После окончания сеанса малышня побежала на улицу, на ходу мутузя другу друга и вопя. Мишка шел, чувствуя себя степенным взрослым человеком. Он снова прогулялся по поселку, озираясь в надежде увидеть тех двух девчонок, но они сразу куда-то пропали. Закурил с озабоченным видом. Вместо этих девочек ему повстречались женщины и мужчины в ярких куртках, диковинных штанах и разноцветных ботинках и шарфах. Мишка зорко всматривался в лица. Потом услышал и речи их — иностранные. «Ага, немцы», — понял он. А немцы вдруг обратили внимание на него и примолкли. Мишка зыркал в их сторону черными глазами, торопливо затягиваясь. Чего это они? Послышались реплики. Снова тишина. Мишка поспешил свернуть на другую улицу. Увидел магазин и заглянул в него. Продавщица была в пушистой нарядной розовой кофте, накрашенная, грудь над прилавком так и плыла кораблем с розовыми парусами. Позади, на полке стояла глиняная ваза с пышной кедровой веткой. Наверное, здесь готовились к визиту иноземцев. На Мишку она вначале взглянула с интересом, но тут же и поскучнела. Мишка поздоровался, посмотрел на полки. Обычные крупы, рыбные консервы, конская тушенка, карамельки, вермишель, маринованные зеленые помидоры в двухлитровых банках, папиросы «Беломорканал», «Север», сигареты без фильтра «Прима», болгарские сигареты и еще сигареты «Ленинград», пачки моршанской махорки, которую курить приятнее, чем болгарские «Опал» и «Родопи», «Интер», «Ту-134», как будто набитые какими-то обрезками бумаги и материи. Но все-таки купил он «Ту-134», пачку печенья «Шахматное», конфет ирисок, расплатился и, рассовывая все по карманам, вышел.

Он снова направился к Шаманке, приблизился к скале. Почему-то эта скала напоминала Мишке птицу. Говорили, что скала священная. Где же там живет Андрей в солдатской шинели?

Мишка увидел какой-то бревенчатый короб с железной трубой и догадался, что, наверное, это и есть обиталище дулбуна. Внезапно послышался мотоциклетный треск. Мишка оглянулся. Мимо пролетел человек в зимней милицейской шапке с опущенными ушами и в черном тулупе с погонами. Глянул на Мишку вопросительно, сбавил было скорость, но снова набрал обороты и полетел дальше, взвихряя песок и снег. Мишка остановился, наблюдая, как этот милиционер подрулил к бревенчатому коробу, соскочил с мотоцикла, не глуша его, и подошел к жилищу, открыл дверь. Вскоре на улице показался Андрей в шинели, он размахивал руками.

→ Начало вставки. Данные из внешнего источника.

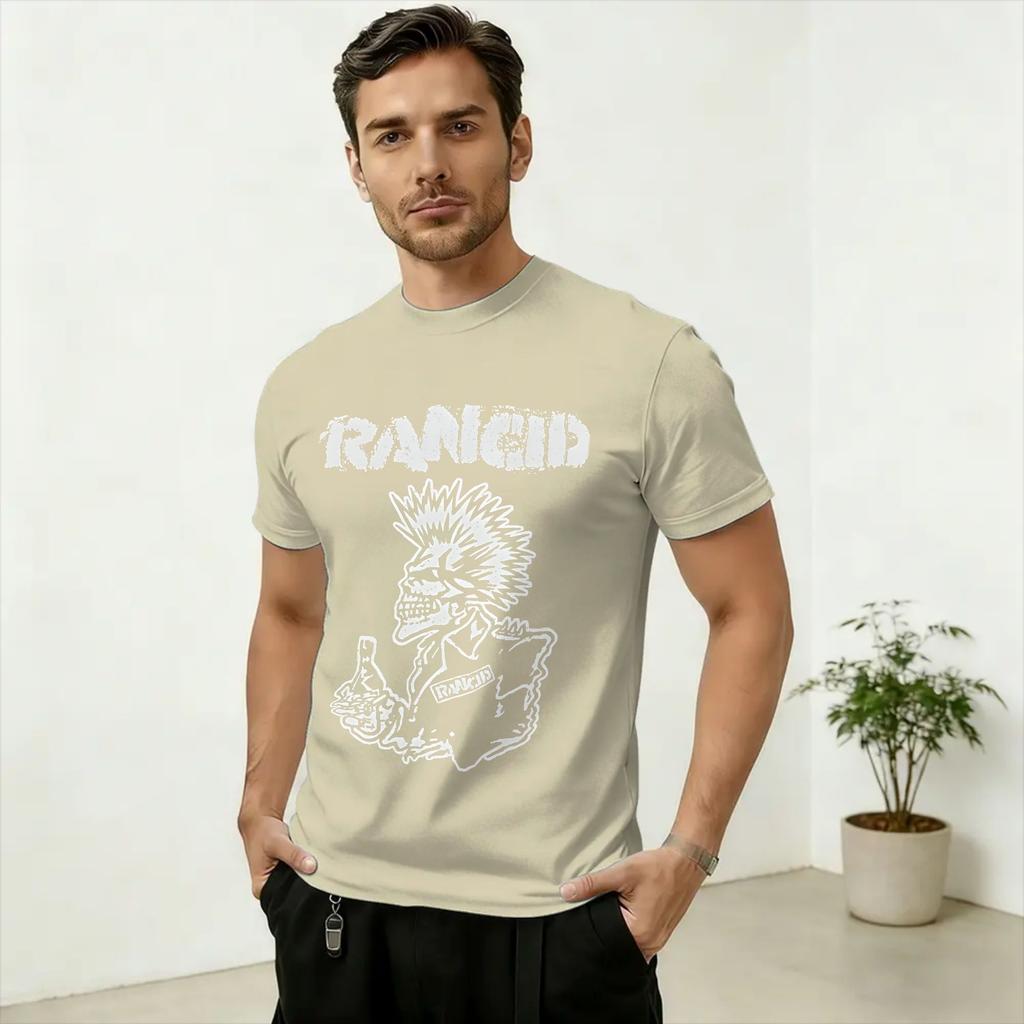 Punk Rancid Rock Band Cotton T Shirt For Unisex Summer Y2K Basic TShirts ONeck Harajuku Tee Shirt Oversized Cheap Tops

Следом появился милиционер, откинул кожаный полог с коляски, видимо, требуя, чтобы Андрей туда сел. Но тот отказывался. И вдруг повернул и быстро пошел прочь — к морю. Милиционер двинулся было за ним, но Андрей неожиданно быстро побежал, много быстрее, чем бежал за мальчишками, дразнившими его, и совсем не хромая. Он выскочил на лед, ослепительно сиявший под лучами солнца, великого Байкальского Солнца. Фигурка в серой шинели стремительно удалялась прямиком в ледяной простор Малого моря. Милиционер вернулся к мотоциклу, оседлал его, начал разворачиваться, видимо, собираясь гнаться за Андреем. Но, кажется, ему помешала полоса надвига, топорщившегося вдоль песчаного берега ледяными перьями… или нарядная толпа туристов, уже запестревшая на дороге к Шаманке. Милиционер описал бешеный круг возле бревенчатого короба и, газуя, полетел дальше по берегу, прочь от Шаманки и туристов, быстро скрылся в леску. Андрей же в своей шинели топал в море, и казалось, что под ним чернеют чистые воды Байкала. Мишка даже протер глаза. Да, он знал, что так бывает, свежий лед выглядит как открытая вода. И все-таки вид уходящего человека в шинели был необычен, фантастичен. И немцы его уже тоже заметили. Послышались возгласы удивления. В руках замелькали фотоаппараты.